Ainda pior que a convicção do não, e a incerteza do talvez, é a desilusão de um quase. Assim começa Quase, texto que há mais de uma década circula na internet como se fosse de Luis Fernando Verissimo. Um leitor mais íntimo da obra do escritor, no entanto, saberia que não estão ali as suas marcas de autoria.
O fenômeno não é novo. Desde que a literatura é literatura e até antes disso , o mundo sempre esteve repleto de textos falsamente atribuídos a um autor, geralmente famoso. Livros, campanhas publicitárias, discursos de políticos ajudaram a perpetuar alguns erros. Até as redações do Enem estão impregnadas de citações improcedentes.
A ironia é que a internet, em vez de servir como fonte de checagem, com suas bibliotecas abertas e sites sérios dedicados a escritores, acabou ajudando a piorar o cenário, com uma escalada monumental na propagação de obras apócrifas. O assunto é tão sério que é discutido na sala de aula, mesmo entre alunos mais jovens.
O professor de Língua Portuguesa Bruno Lima conta que aborda o problema ao falar sobre plágio. É muito comum, principalmente nas séries iniciais, quando solicitada alguma pesquisa aos alunos, que eles apresentem cópias de textos retirados de sites, afirma.
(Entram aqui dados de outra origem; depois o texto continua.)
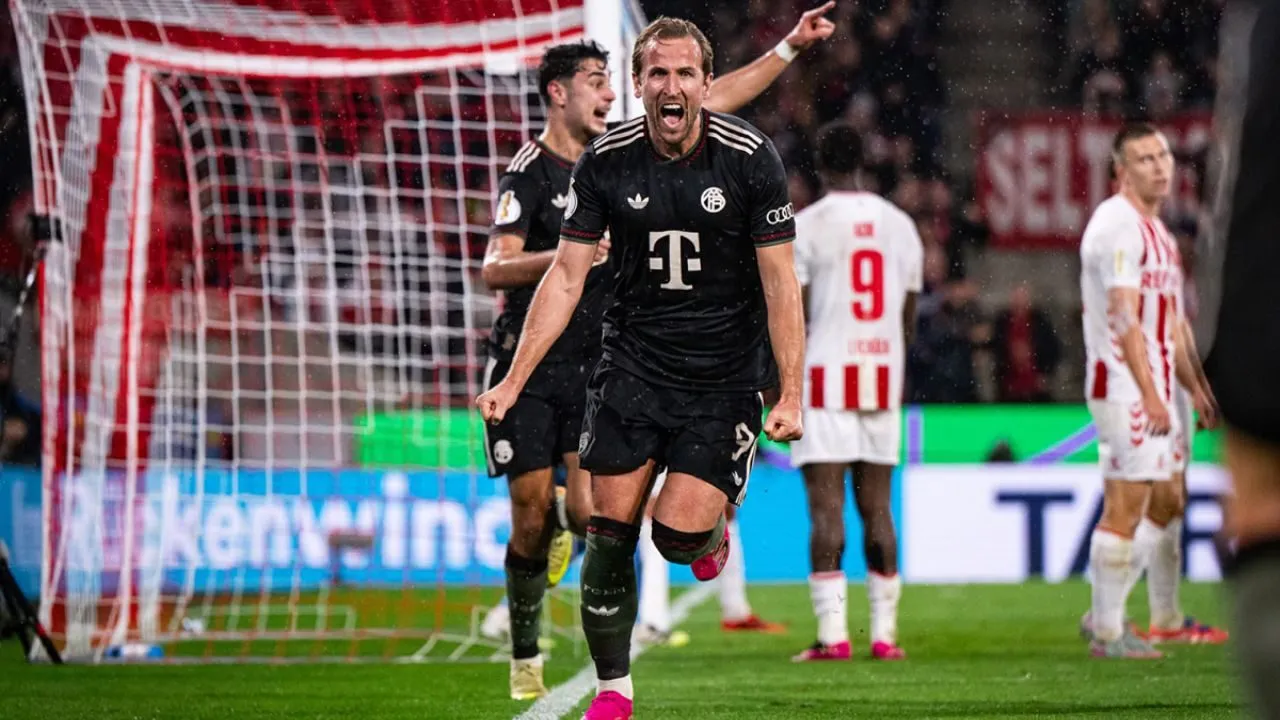 Kane giúp Bayern tạo chuỗi thắng lịch sử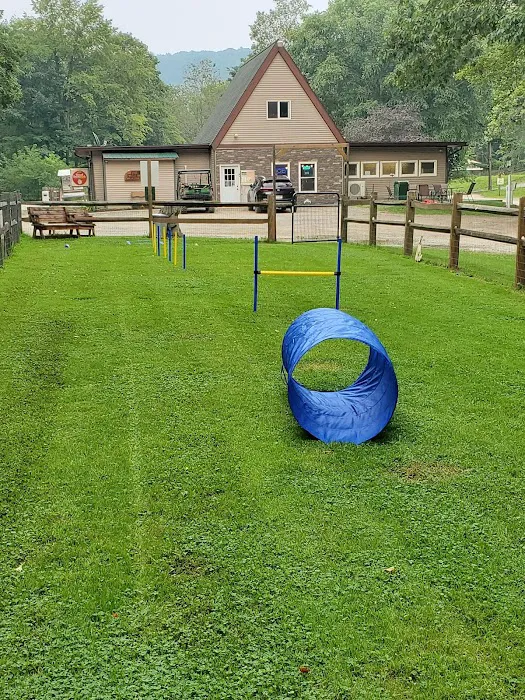 Rustic Creek Family Campground Picture 7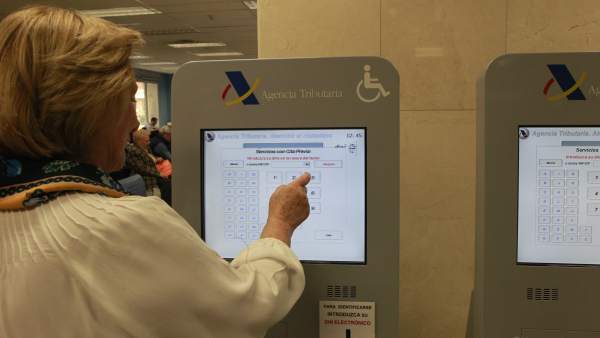 Hacienda, Agencia Tributaria, AEAT, declaración de la Renta, contribuyente Hacienda, Agencia Tributaria, AEAT, declaración de la Renta, contribuyente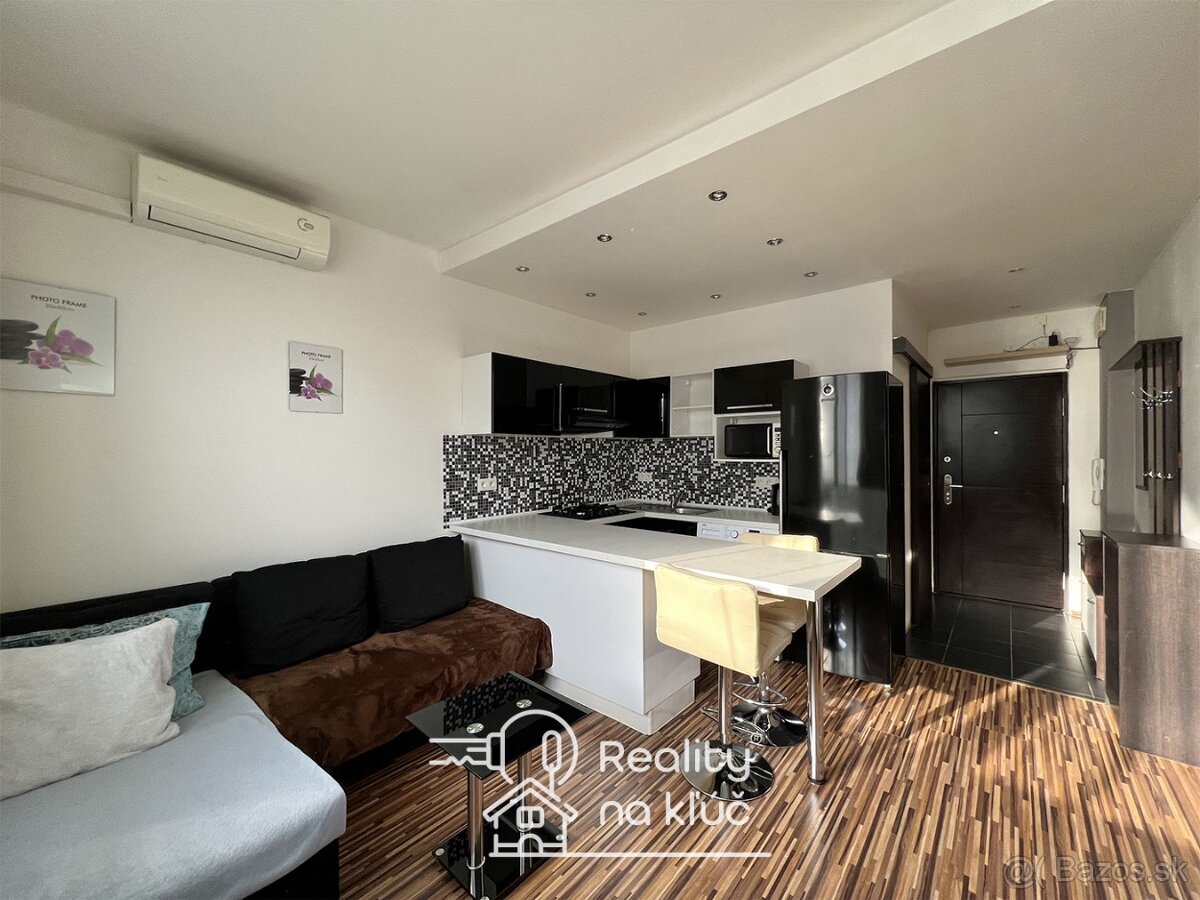 Na prenájom zrekonštruovaný, zariadený 1-izbový byt v NZ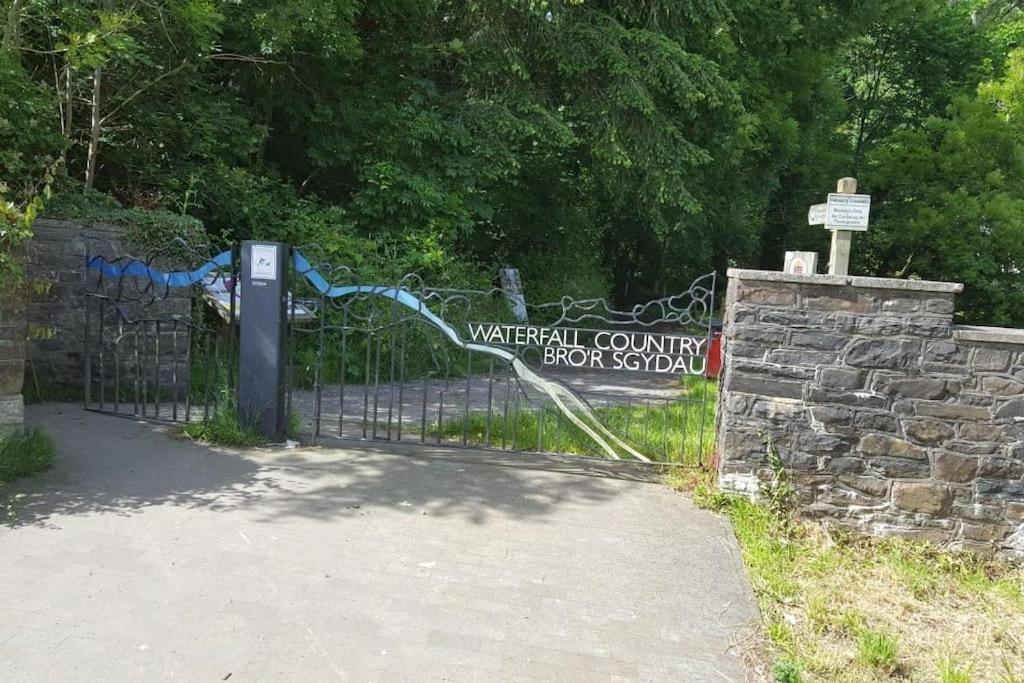 Mellte Avenue - Waterfalls House Pontneddfechan Εξωτερικό φωτογραφία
Quando se trata de apócrifos, a web brasileira tem seus queridinhos. Além de Luis Fernando Verissimo, a lista dos mais falsificados inclui Caio Fernando Abreu, Arnaldo Jabor, Mario Quintana, Manoel de Barros, Carlos Drummond de Andrade e Clarice Lispector. A ucraniana naturalizada brasileira virou brincadeira nas redes sociais, ao ser associada a qualquer frase que os usuários julguem inteligente ou reflexiva.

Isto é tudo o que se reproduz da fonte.